They grow out of it eventually. Stock up on to get through it.
I 'm actually finding it harder now then when they were Toddlers!
I'm learning to pick my battles or I would be exhausted.
We have had a lot of friendship problems with my daughter, who is 13,and one period - then not a period since which doesn't make it easier.
More recently she's been more like her lovely old self but I don't know how long that will last.
I would have told her not to speak to me like that. Then when we got home I'd ban her off everything for a day.
I think you are giving too much power to those words. By all means, tell her off, punish her if you must, make it clear you do not wish to hear those words again.
But don't let them get to you: that is too much power for a 12yo to have.

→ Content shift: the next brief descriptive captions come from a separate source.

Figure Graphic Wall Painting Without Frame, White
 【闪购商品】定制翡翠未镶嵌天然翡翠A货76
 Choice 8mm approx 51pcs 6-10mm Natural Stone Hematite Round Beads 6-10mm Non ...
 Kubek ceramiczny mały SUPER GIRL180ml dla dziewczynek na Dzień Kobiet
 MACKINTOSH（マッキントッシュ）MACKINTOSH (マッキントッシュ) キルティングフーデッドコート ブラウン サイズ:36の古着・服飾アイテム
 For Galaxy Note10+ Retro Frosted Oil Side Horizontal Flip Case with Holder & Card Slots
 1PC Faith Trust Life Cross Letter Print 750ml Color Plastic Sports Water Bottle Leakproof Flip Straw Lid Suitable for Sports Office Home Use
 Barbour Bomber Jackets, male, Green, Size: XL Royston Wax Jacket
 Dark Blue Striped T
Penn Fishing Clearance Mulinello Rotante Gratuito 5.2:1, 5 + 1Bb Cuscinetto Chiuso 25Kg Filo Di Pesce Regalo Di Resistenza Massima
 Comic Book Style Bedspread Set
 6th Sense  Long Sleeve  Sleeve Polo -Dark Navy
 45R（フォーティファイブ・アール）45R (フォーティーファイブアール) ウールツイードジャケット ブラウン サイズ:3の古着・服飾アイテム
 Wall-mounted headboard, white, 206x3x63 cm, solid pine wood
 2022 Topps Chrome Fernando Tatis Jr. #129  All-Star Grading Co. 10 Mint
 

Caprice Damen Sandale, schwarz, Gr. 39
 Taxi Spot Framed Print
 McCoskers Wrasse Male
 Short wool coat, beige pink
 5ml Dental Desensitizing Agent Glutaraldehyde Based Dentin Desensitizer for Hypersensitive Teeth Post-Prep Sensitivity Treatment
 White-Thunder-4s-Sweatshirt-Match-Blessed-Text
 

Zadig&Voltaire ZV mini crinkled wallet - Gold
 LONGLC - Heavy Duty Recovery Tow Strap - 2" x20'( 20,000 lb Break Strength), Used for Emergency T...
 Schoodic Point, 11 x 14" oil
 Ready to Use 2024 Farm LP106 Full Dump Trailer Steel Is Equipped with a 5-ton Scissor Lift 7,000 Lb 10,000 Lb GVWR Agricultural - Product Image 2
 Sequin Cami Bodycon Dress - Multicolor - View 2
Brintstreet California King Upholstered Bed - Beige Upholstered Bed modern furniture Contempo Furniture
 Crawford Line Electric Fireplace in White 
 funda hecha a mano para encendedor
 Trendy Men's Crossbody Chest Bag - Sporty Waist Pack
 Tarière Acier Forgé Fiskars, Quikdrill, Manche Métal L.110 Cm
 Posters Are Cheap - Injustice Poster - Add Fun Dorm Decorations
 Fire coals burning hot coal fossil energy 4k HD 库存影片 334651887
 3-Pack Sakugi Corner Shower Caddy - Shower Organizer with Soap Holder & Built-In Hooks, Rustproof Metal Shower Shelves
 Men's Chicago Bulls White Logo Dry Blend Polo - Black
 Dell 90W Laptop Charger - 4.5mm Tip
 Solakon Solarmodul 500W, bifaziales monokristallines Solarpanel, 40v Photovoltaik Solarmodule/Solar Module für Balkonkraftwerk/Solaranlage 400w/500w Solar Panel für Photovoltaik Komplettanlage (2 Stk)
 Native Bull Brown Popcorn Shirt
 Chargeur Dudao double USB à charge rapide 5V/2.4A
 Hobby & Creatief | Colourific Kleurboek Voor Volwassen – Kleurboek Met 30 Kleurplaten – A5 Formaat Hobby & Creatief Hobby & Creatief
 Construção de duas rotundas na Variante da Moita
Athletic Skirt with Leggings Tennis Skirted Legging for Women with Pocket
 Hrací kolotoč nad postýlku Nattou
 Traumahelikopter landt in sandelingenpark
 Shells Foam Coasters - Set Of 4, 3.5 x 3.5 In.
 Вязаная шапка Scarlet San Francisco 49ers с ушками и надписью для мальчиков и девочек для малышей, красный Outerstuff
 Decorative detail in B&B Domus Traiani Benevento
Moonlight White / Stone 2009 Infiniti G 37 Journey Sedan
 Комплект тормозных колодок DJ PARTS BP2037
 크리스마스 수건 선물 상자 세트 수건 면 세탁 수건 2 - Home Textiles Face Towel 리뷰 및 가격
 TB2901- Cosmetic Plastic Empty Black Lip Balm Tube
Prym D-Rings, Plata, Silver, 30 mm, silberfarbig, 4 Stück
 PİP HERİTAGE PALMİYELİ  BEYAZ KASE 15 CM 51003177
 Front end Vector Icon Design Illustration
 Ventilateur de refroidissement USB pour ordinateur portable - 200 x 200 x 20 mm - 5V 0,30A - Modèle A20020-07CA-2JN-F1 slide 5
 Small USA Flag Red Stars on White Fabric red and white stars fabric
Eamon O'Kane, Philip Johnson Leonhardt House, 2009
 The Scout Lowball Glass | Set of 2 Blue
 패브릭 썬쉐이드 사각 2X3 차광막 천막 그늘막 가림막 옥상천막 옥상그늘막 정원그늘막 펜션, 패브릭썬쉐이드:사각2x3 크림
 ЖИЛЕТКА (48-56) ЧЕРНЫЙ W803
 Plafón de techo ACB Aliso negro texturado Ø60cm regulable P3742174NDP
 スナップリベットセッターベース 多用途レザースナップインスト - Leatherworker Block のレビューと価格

I remember when DD (17) was about that age.We were in the car and I think I had refused to get her some 'must have' overpriced piece of fashion tat (I really couldn't afford it) . She turned to me and said with such venom I still remember it "what do you ACTUALLY do?" , meaning what was my role. At the time I was a SAHM looking into retraining to get back into teaching as I hadn't worked for a while. She found the transition from junior to senior school difficult, she got into the wrong crowd, got into a lot of school based trouble and was excluded for a week in Yr 8! Difficult times but now she is in Yr 12 and we are really close (most of the time) .She has grown out of her brattiness, is no longer into her labels or influenced by others and has grown up a lot.